--- Brief ---
The required output is the exact run of lines from the one bearing "Young brunette indian" through the final line of the listing below, with the pictures removed.

--- Data in this exercise ---
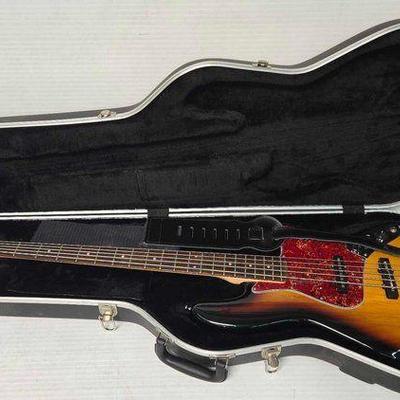 Sale Photo Thumbnail #311: #2366 • Squier by Fender 5 String Jazz Bass with Case
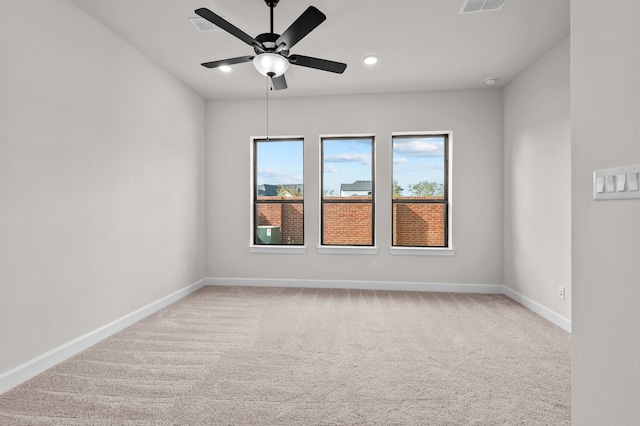 carpeted spare room featuring ceiling fan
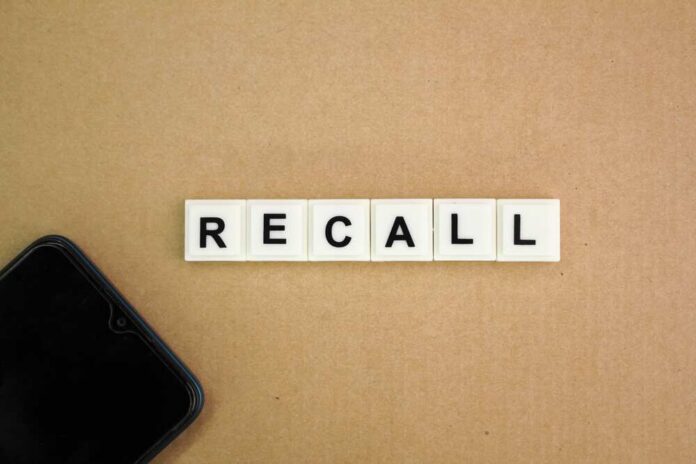 Letter tiles spelling recall on cardboard with a smartphone corner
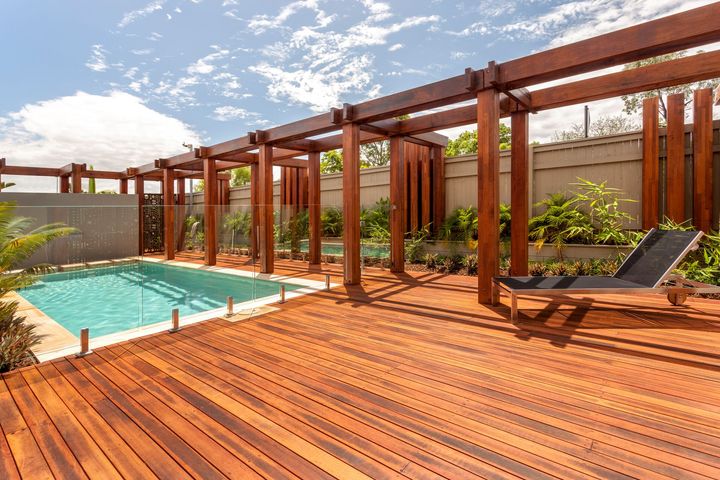 Modern brown composite deck with patio furniture.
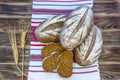 Three loaves of rye bread and pieces of sliced bread on a towel with Ukrainian national ornaments. Healthy food concept.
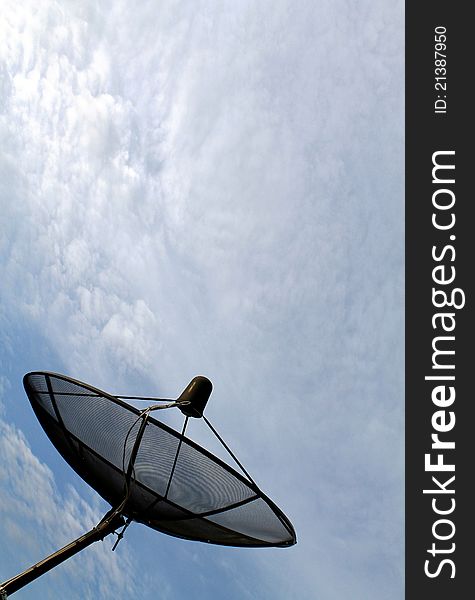Satelite dish on cloudy sky view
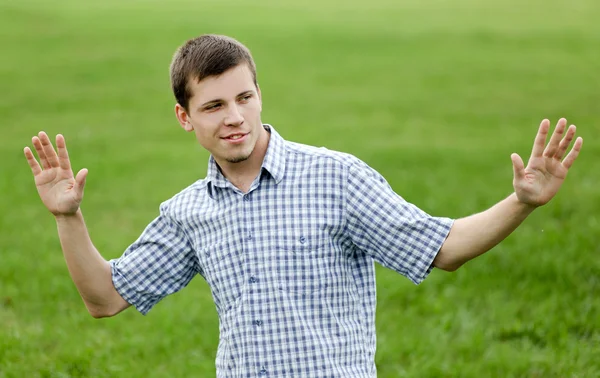 Active smiling young man enjoying in nature — Stock Photo, Image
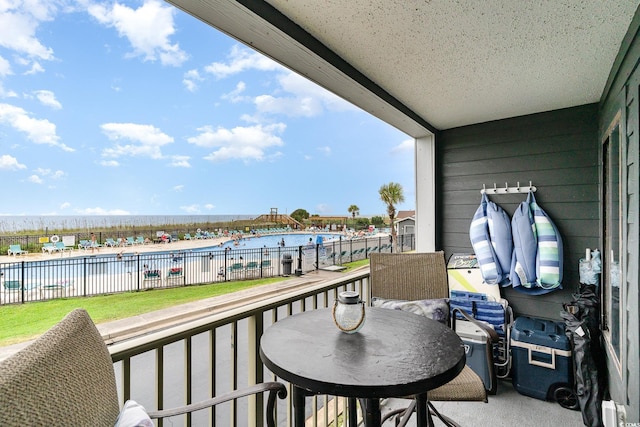 balcony featuring a water view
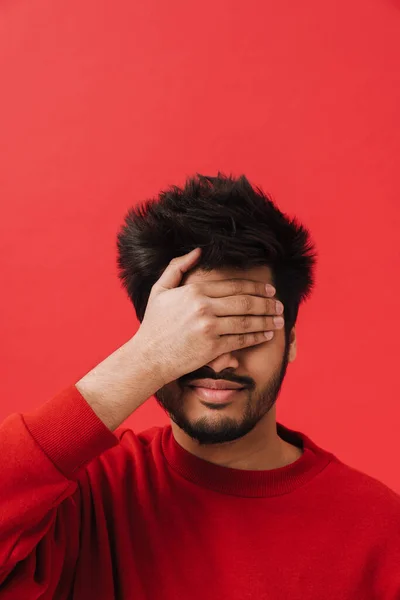 Young brunette indian man smiling and covering his eyes isolated over red background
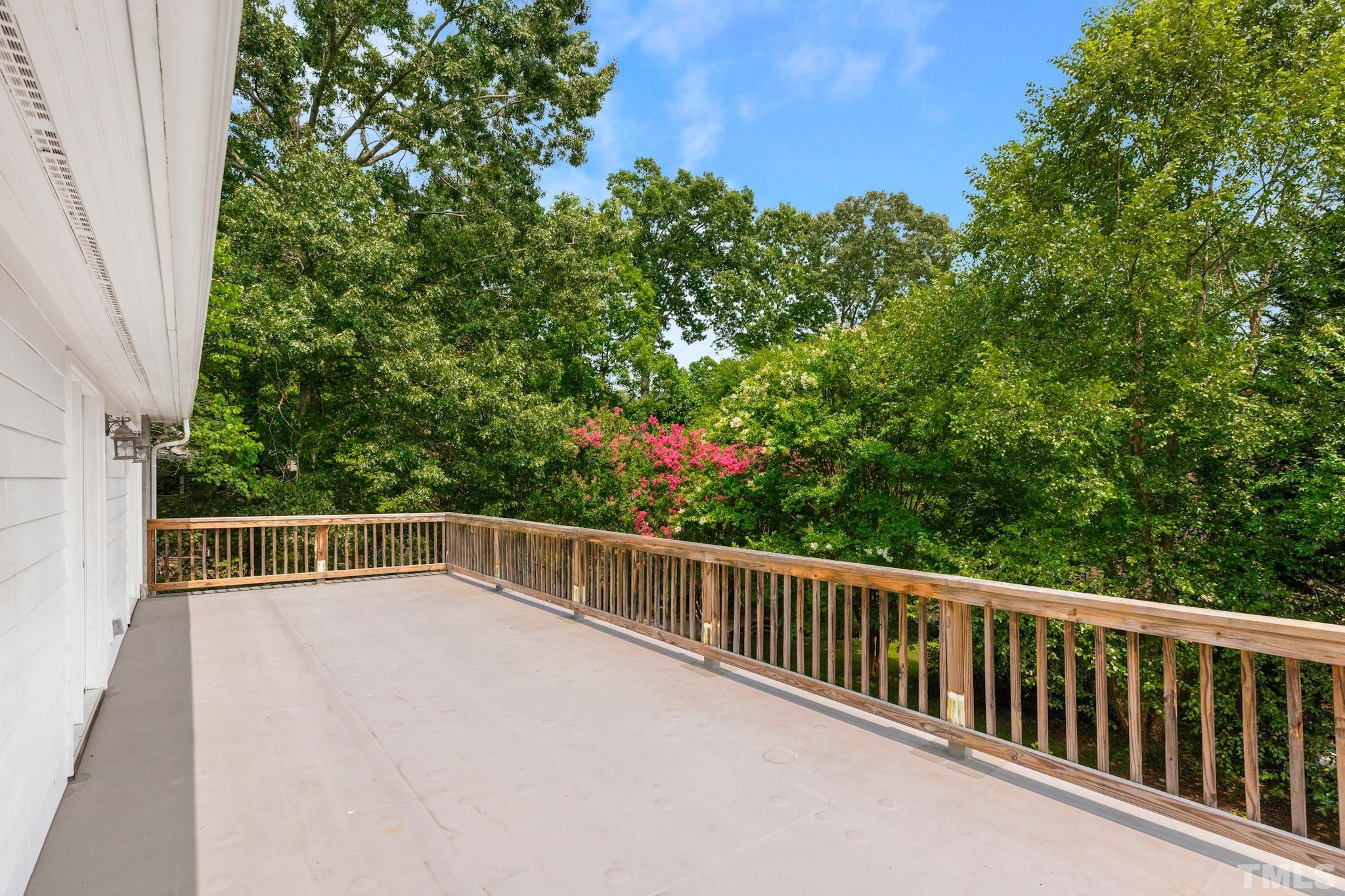 6630 Winding Trail Raleigh, NC 27612 - Photo 29 of 33 a view of a balcony with floor to ceiling window and tree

--- Response box ---
 Young brunette indian man smiling and covering his eyes isolated over red background
 6630 Winding Trail Raleigh, NC 27612 - Photo 29 of 33 a view of a balcony with floor to ceiling window and tree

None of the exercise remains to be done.